About this task.
Without the pictures, output all of the data exactly.

Data below.
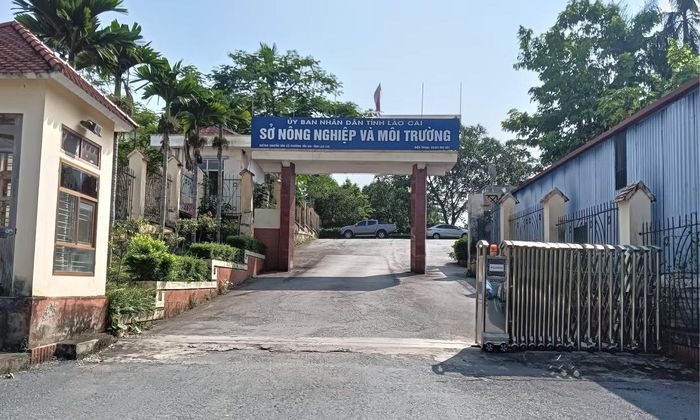 Cơ quan Công an đang điều tra nguyên nhân vụ việc.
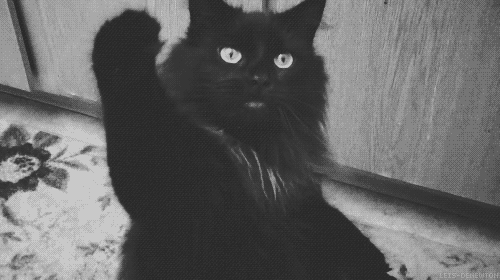 Tumblr Black Cat Porn - not actual cat porn))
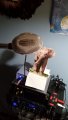 IMG_20221004_220120909.jpg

Task response.
 Cơ quan Công an đang điều tra nguyên nhân vụ việc.
 Tumblr Black Cat Porn - not actual cat porn))
 IMG_20221004_220120909.jpg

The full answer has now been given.